There are some aspects of AI research that commonsense struggles to realize. Even among trained IT experts. Not because of a lack of information, education, or technical knowledge, but because we are still a species that doesn’t know itself. We tend to externalize our conscious awareness and miss the internal psychological and cognitive mechanisms that determine our cognition. We tend to study, analyze, and know everything out of us but know almost nothing about ourselves and how we know. This also is a consequence of a materialistic culture that—due to the enormous success of science, and which is the emperor of the third-person perspective—we envisage huge technological and material adventures that are supposed to lead us to a bright future and sci-fi society. But we can’t imagine any inner progress. We don’t even know what this could possibly mean. That’s why we don’t know how our cognitive processes work, and are so thrilled by all the AI hype and transhumanist dreams.
If we could look only a bit under our superficial mental bubbling surface, we would recognize how so many AI futuristic visions are naive expectations that betray the lack of contact with our inner being.

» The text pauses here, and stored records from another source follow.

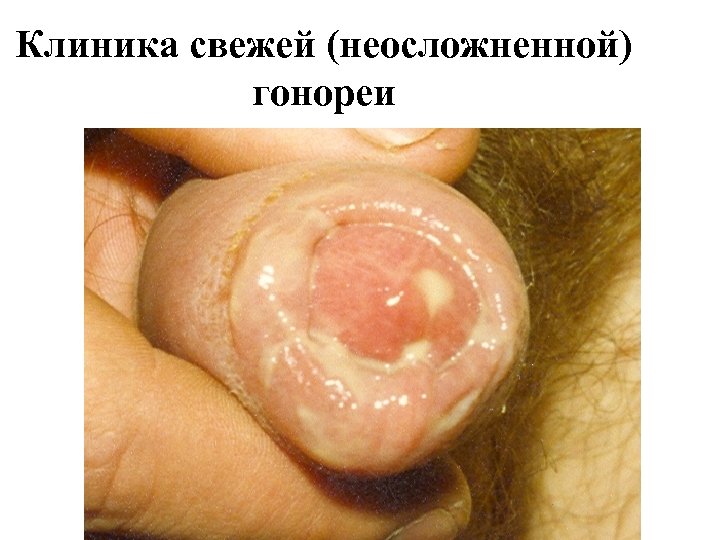 Клиника свежей (неосложненной) гонореи 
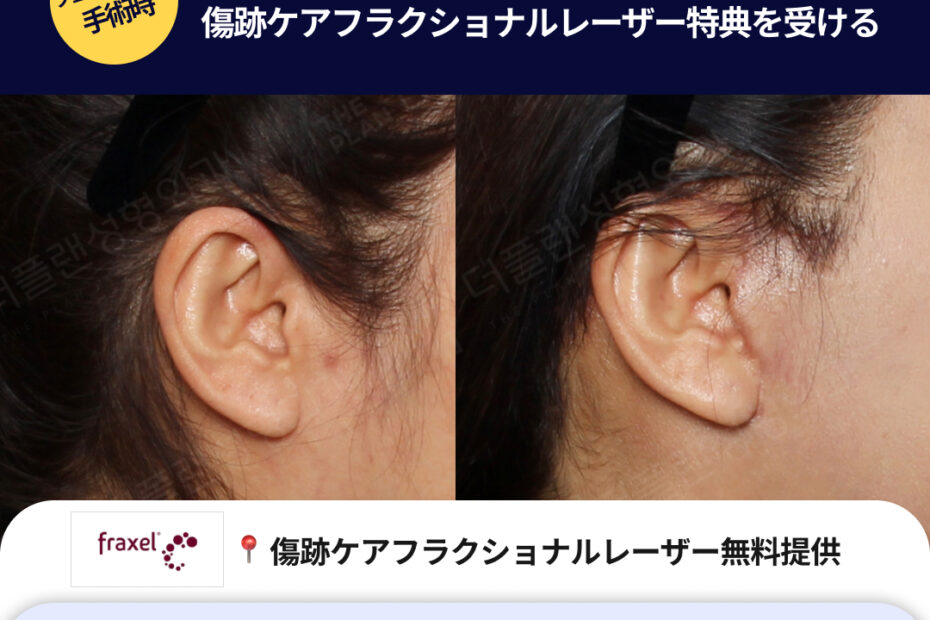 美容外科「THE PLAN」のプロモーション画像。 上部には「切開リフト、傷跡までしっかりアフターケアーが必要です。傷跡ケアプロジェクト」という大きな見出しがあります。その横に「フェイスリフト手術時」という黄色い円形のマークがあり、「3〜4月限定イベント案内 傷跡ケアフラクショナルレーザー特典を受ける」と記載されています。 中央には、切開リフト手術後の耳周辺の傷跡の経過を示す2枚の比較写真が配置されています。 下部には以下の3つの特典がアイコンと共に列挙されています。 ・Fraxel(フラクセル)のロゴと共に「傷跡ケアフラクショナルレーザー無料提供」 ・ベッドのイラストと共に「病院近隣の厳選された宿泊施設提供」 ・タクシーのイラストと共に「空港送迎サービス」 一番下の行には「3月〜4月手術確定者対象のイベント | お問い合わせ THE PLAN LINE : @theplan_psjp」と書かれています。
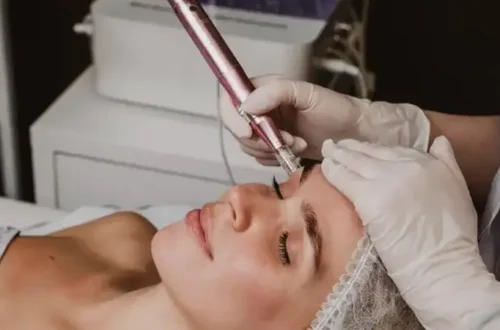 Does Microneedling Hurt?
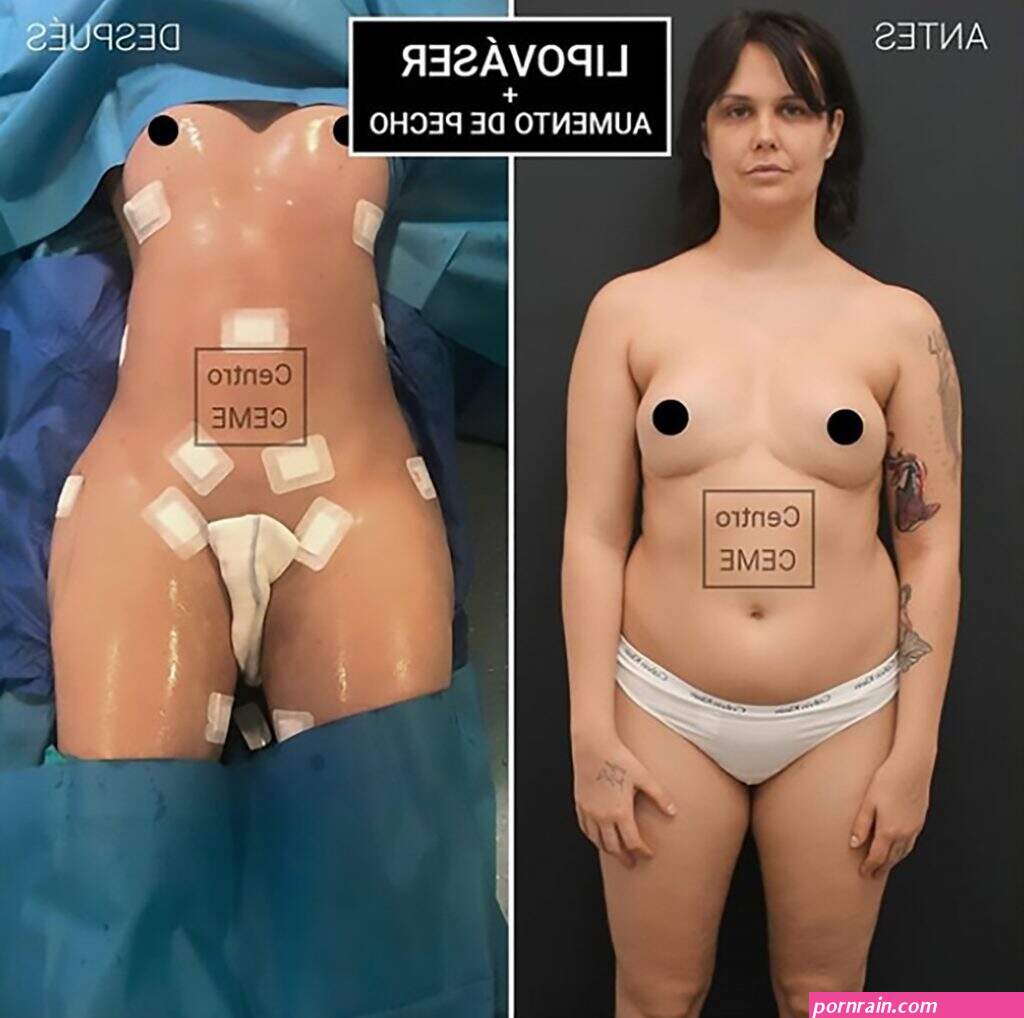 Ex Queen Of Porn Under Knife 5 Times After Weight Gain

There are many different approaches with which one could show this. For example, I like to point out how ‘meaning’, the semantic and conceptual comprehension of a sentence, a concept, the perception of an object, etc. is not in the symbol, the sentences on a piece of paper, in an image, in the visual perception of an object, but is a much subtler cognitive process that goes way beyond an algorithm, a computer program, or a whatever complicated calculation. The semantic awareness of the world we perceive, what I call the “perception of meaning,” is not and will never be implemented in a set of rules or a complex system of neural networks. Because, this perception of meaning is something that goes beyond computation and, I claim, beyond brain processes.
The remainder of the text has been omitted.